A 5.6-magnitude quake hit western Japan early Monday, injuring five people and damaging buildings and roads, as officials warned stronger tremors could come in the days ahead.
The shallow tremor was gauged as magnitude 5.6 by the US Geological Survey and 6.1 by Japan's meteorological agency on the Richter scale.
It rocked the west of the main island of Honshu, 96 kilometres (60 miles) north of Hiroshima, at 1:32am (1632 GMT Sunday).
The Japanese agency urged residents to stay vigilant.
"We want the areas that experienced strong tremors to be on guard in the coming week or so against quakes that could be as powerful as the upper five," agency official Toshiyuki Matsumori told a news conference, referring to a Japanese seismic scale with a maximum intensity of seven.
An upper five on Japan's Shindo scale refers to tremors that make it difficult to walk without holding onto something.
Strong aftershocks could continue for two to three days, Matsumori said, and several strong tremors have already been felt in the region hit by the initial quake.
Five people were hurt in the quake, including a 17-year-old boy who broke his leg after falling from his bed, but no life-threatening injuries were reported.
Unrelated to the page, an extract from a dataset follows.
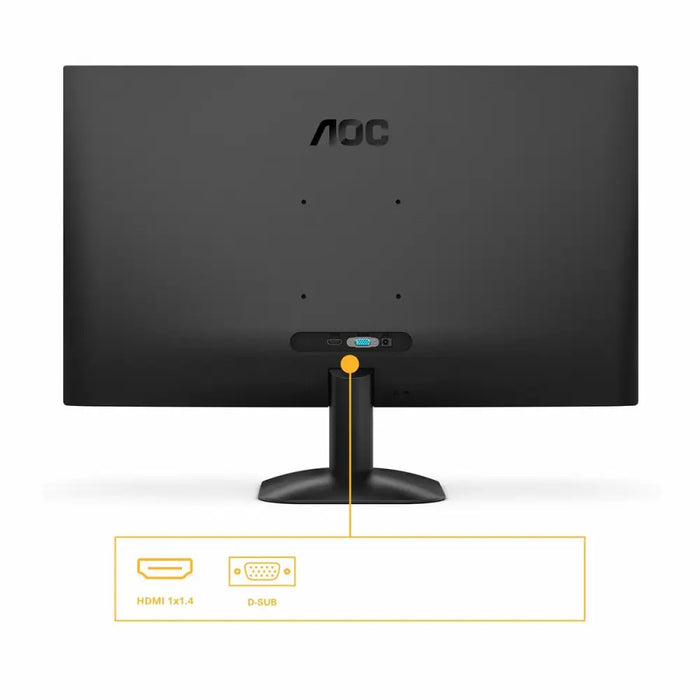 Gaming монитор AOC 27B35HM Full HD 27’’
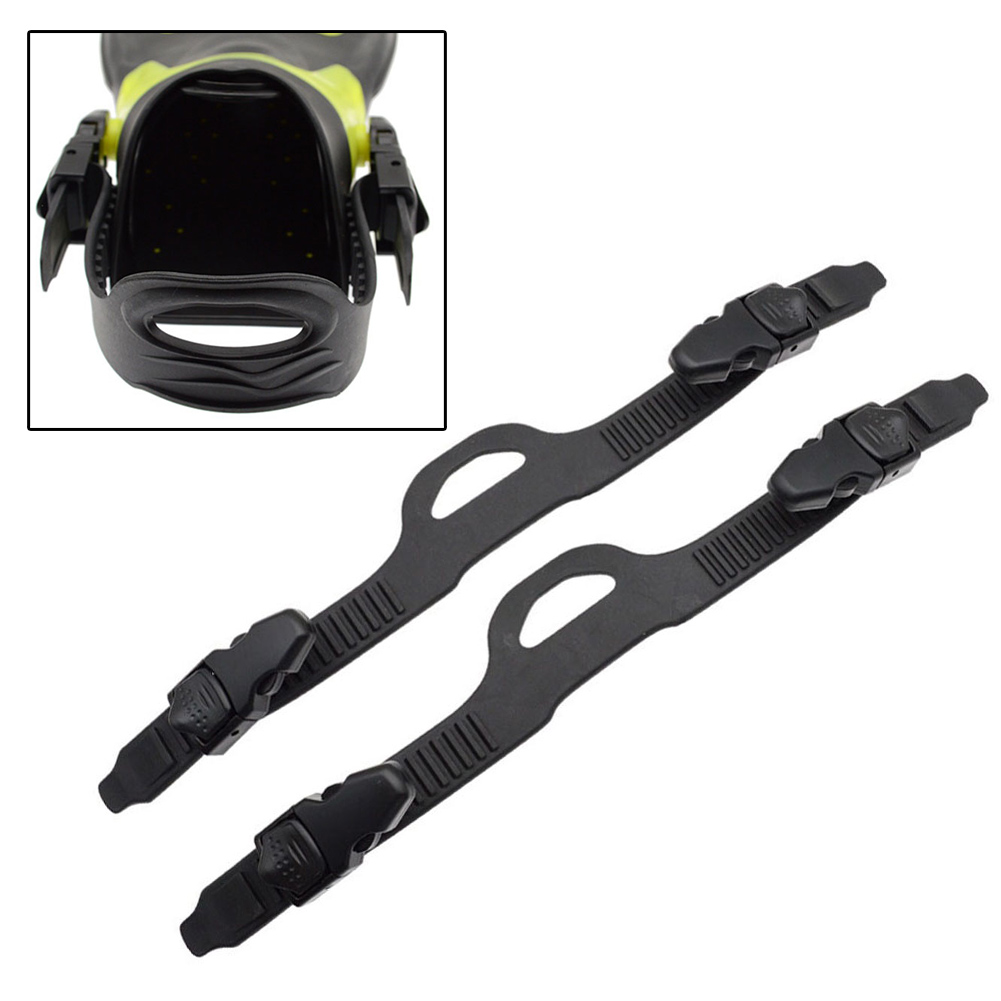 Verstellbare Flossenriemen für – Aquatic Sports Performance Bewertung und Preis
Around 100 households lost water in Oda City, prompting troops to send trucks to set up makeshift water supply stations.
Damage to some buildings and roads were also reported.
No problems were reported at the nearby Shimane nuclear power station, which has been offline for a checkup.
Japan sits on the so-called Pacific "Ring of Fire" where a large proportion of the world's earthquakes and volcanic eruptions are recorded.
A devastating magnitude 9.0 quake -- which struck under the Pacific Ocean on March 11, 2011 -- and a resulting tsunami caused widespread damage and claimed the lives of thousands of people.